Start of DATA SECTION

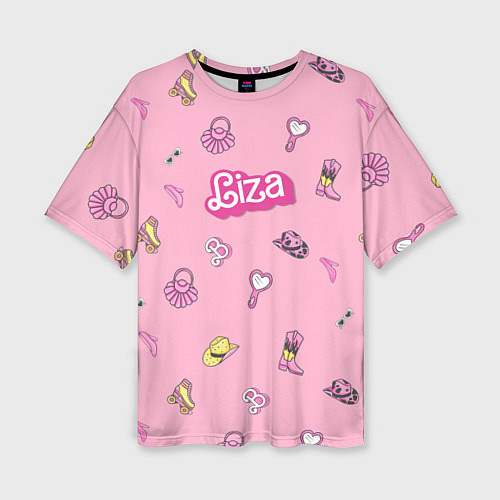 Женская футболка оверсайз Лиза - в стиле барби: аксессуары на розовом паттер / 3D-принт – фото 1
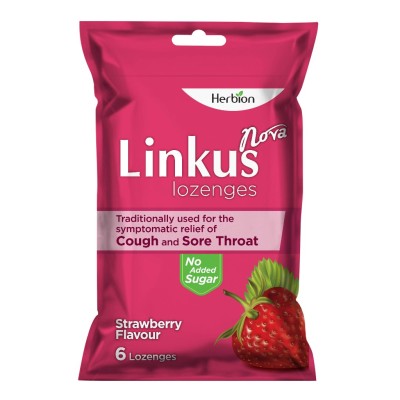 Herbion Linkus Sugar-Free Cough Lozenges Strawberry Flavor 6s (Tidak Mengandungi Gula)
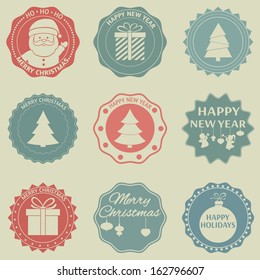 Christmas label. Vector set, EPS 8.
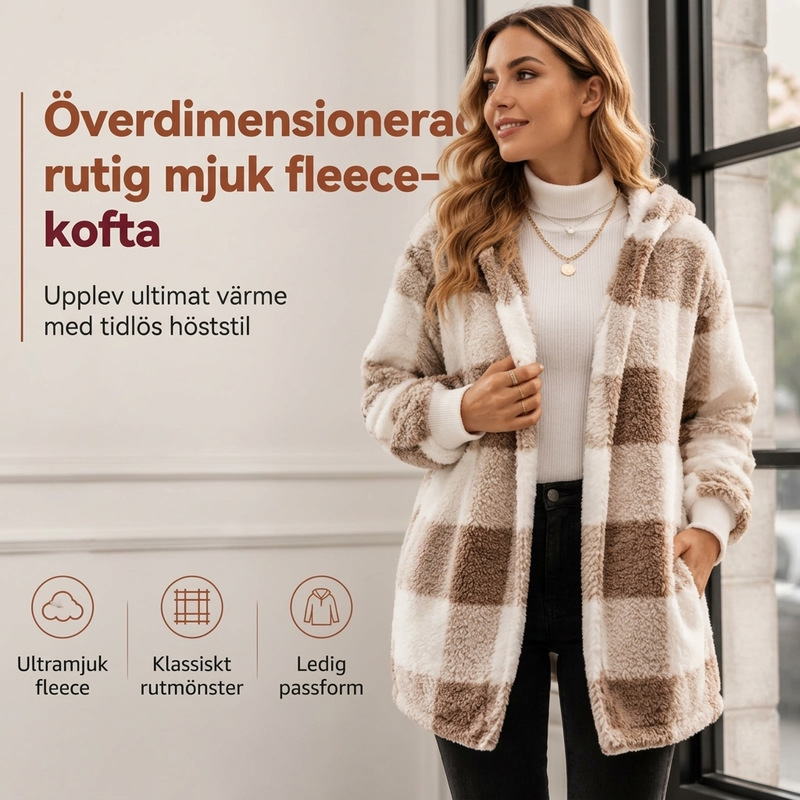 Damernas löskopplade rutiga färgblockade huvkofta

End of DATA SECTION

All that is needed is the span from the line with "Christmas label. Vector set, EPS 8." through the last line of the material above, reproduced exactly and free of pictures.

» **TASK OUTPUT**:
 Christmas label. Vector set, EPS 8.
 Damernas löskopplade rutiga färgblockade huvkofta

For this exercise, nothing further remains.